DATASET CONTENT:
───

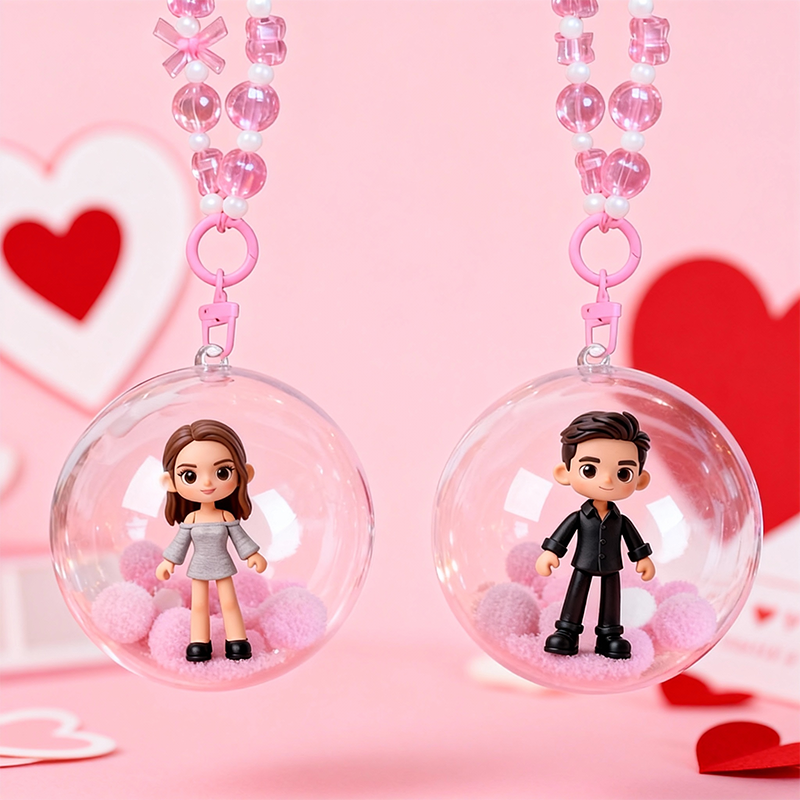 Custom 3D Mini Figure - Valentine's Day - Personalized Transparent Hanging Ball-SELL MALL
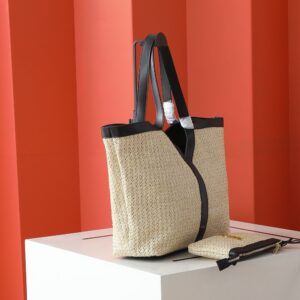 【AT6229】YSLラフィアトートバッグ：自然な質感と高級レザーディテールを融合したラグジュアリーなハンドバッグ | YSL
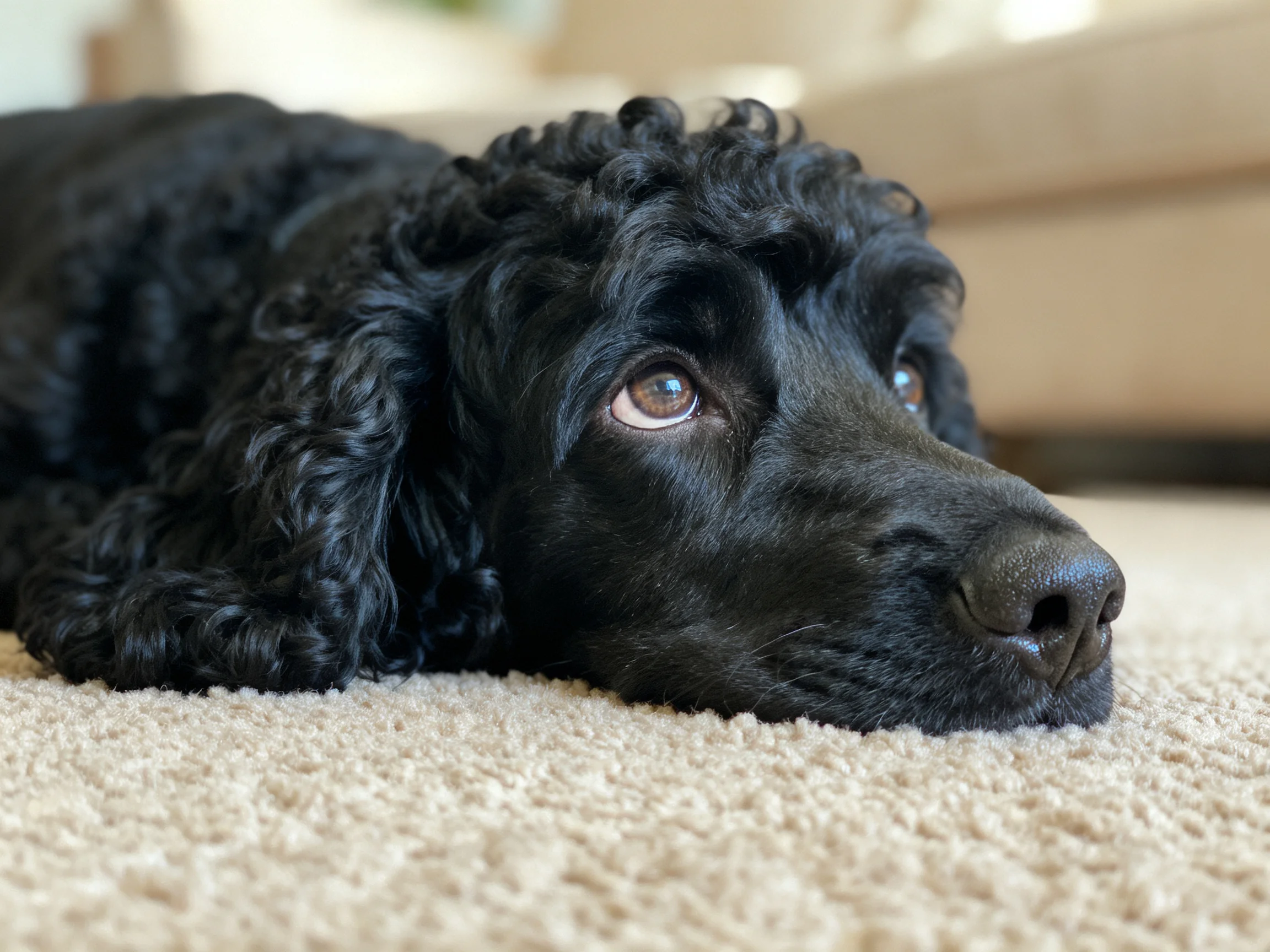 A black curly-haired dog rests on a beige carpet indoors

───

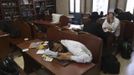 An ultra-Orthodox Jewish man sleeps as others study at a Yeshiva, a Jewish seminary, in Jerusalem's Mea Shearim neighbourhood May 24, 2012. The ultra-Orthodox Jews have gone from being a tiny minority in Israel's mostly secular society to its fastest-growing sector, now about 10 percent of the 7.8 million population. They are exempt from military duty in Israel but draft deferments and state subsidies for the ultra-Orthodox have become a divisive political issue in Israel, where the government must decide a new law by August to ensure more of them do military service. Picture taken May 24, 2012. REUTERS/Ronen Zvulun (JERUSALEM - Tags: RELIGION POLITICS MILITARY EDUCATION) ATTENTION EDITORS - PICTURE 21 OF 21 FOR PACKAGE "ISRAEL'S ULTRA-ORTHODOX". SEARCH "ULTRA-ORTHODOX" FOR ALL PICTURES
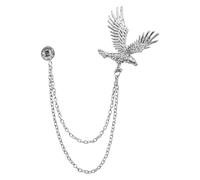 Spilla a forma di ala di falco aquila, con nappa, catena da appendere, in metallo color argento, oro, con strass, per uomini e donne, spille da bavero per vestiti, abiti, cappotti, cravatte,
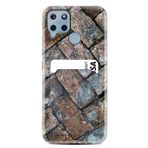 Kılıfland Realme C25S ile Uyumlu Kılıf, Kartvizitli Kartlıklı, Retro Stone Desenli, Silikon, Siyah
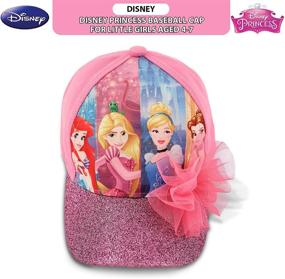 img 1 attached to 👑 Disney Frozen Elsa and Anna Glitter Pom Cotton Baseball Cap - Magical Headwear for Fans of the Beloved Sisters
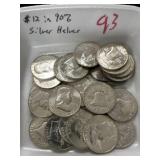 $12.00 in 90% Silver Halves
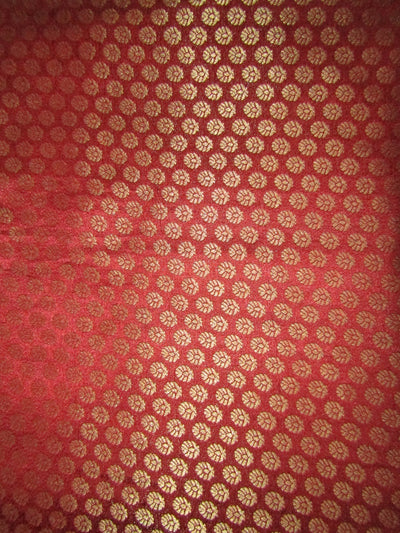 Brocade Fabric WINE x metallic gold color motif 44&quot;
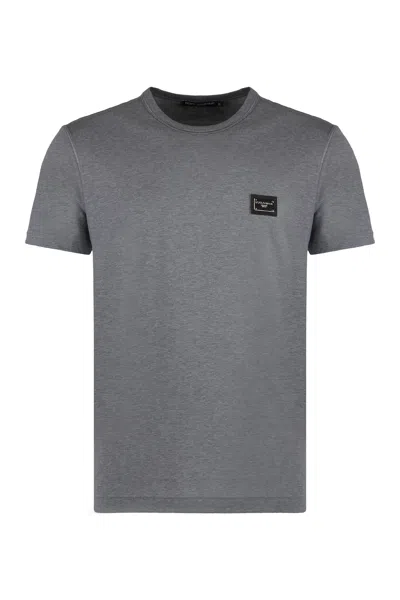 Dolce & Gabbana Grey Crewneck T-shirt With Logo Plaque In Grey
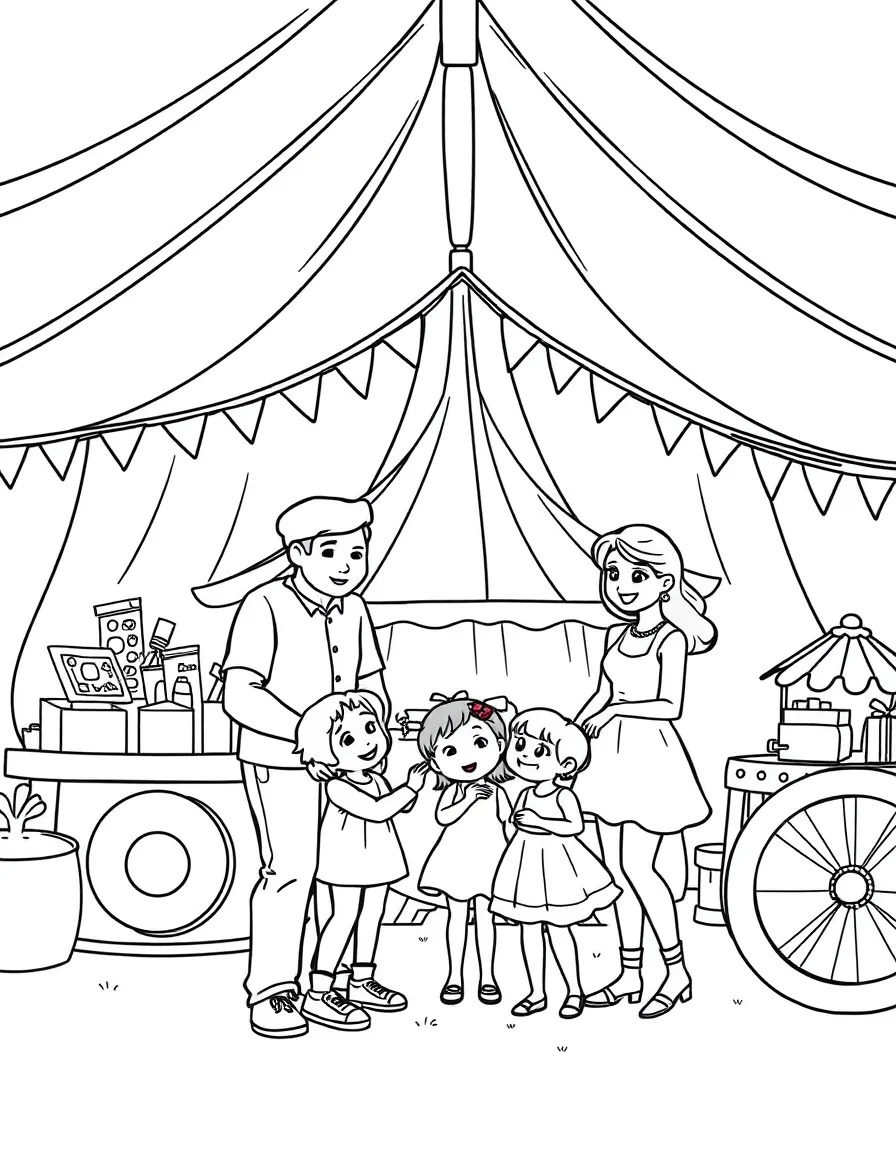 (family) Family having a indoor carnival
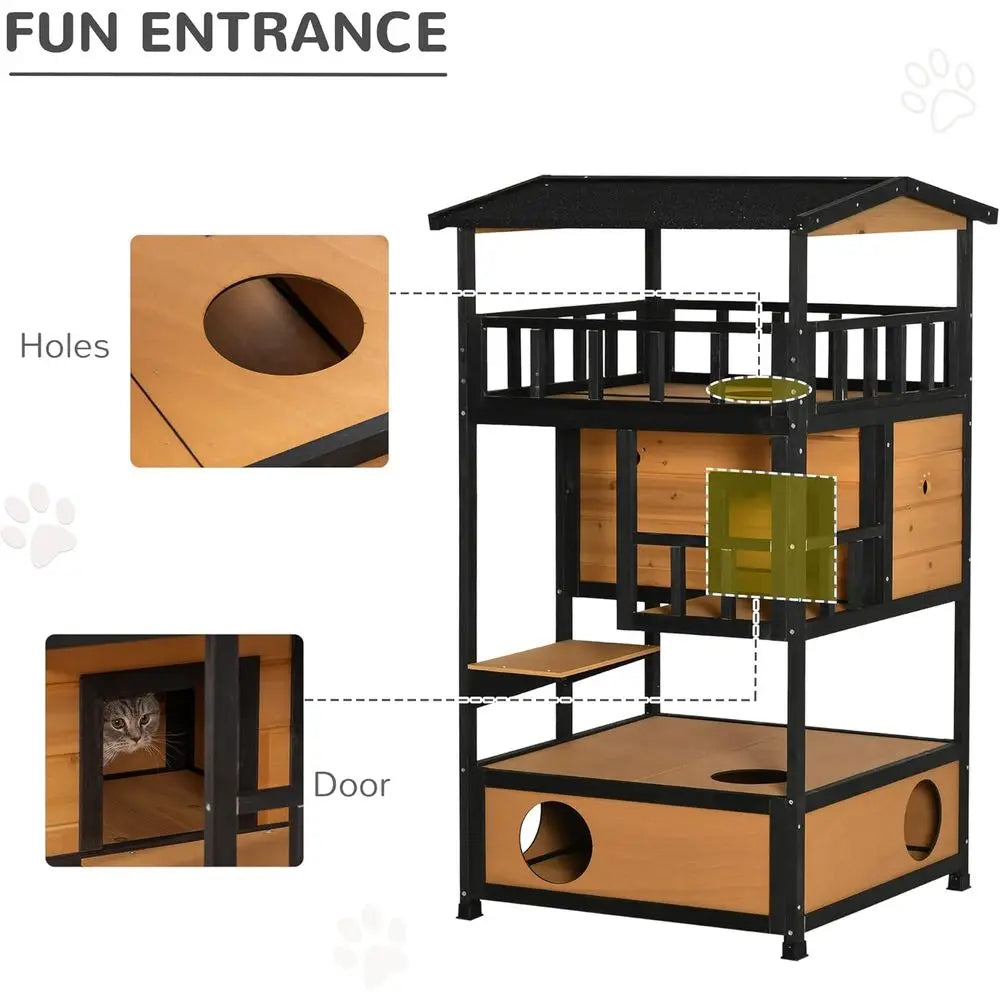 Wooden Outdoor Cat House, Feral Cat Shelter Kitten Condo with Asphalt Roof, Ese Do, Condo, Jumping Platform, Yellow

───

EXERCISE: From the material above, output only the span of lines that starts at the one containing "Brocade Fabric WINE" and finishes at the one containing "Wooden Outdoor Cat", word for word and free of pictures.

OUTPUT OF THE TASK:
 Brocade Fabric WINE x metallic gold color motif 44&quot;
 Dolce & Gabbana Grey Crewneck T-shirt With Logo Plaque In Grey
 (family) Family having a indoor carnival
 Wooden Outdoor Cat House, Feral Cat Shelter Kitten Condo with Asphalt Roof, Ese Do, Condo, Jumping Platform, Yellow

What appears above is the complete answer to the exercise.